▶ **Task brief**
Go through the data below and copy it exactly, skipping every picture.

▶ **Collected material**
+ + + + + + +

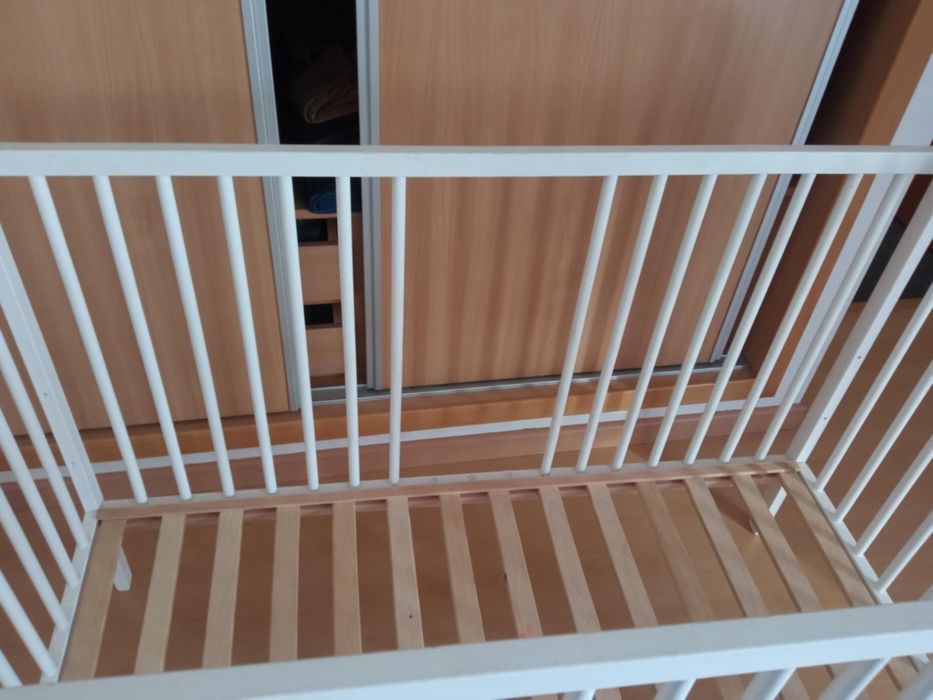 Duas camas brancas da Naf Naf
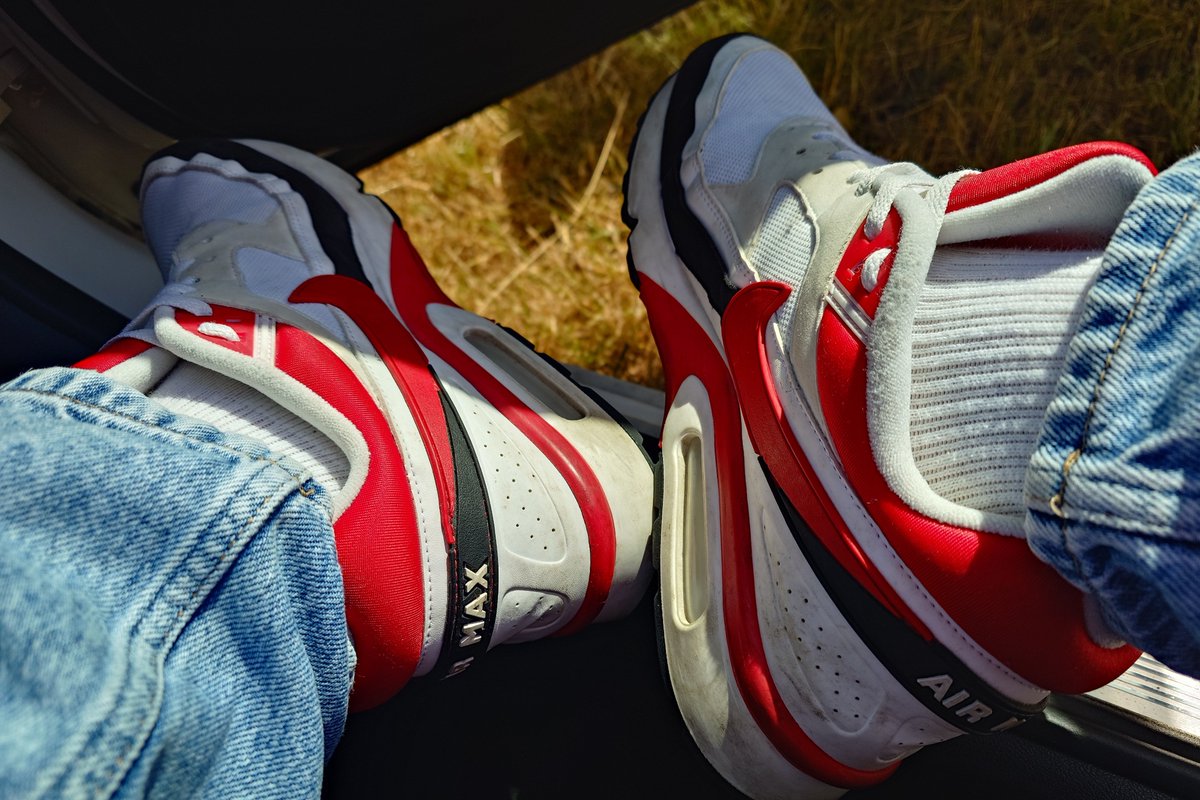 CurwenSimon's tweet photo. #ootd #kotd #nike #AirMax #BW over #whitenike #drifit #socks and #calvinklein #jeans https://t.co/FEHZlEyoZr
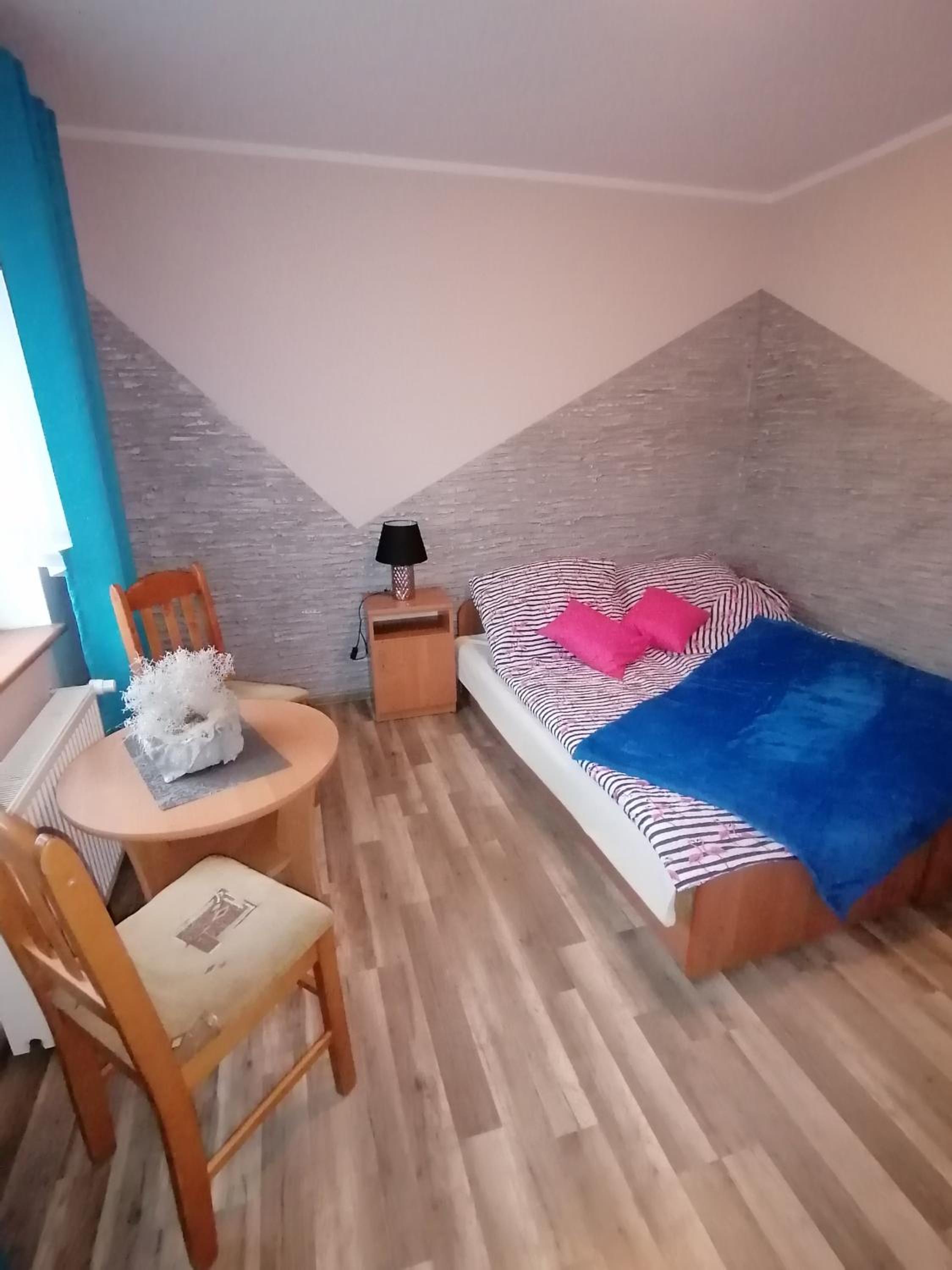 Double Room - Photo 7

+ + + + + + +

▶ **Problem solution**
 Duas camas brancas da Naf Naf
 CurwenSimon's tweet photo. #ootd #kotd #nike #AirMax #BW over #whitenike #drifit #socks and #calvinklein #jeans https://t.co/FEHZlEyoZr
 Double Room - Photo 7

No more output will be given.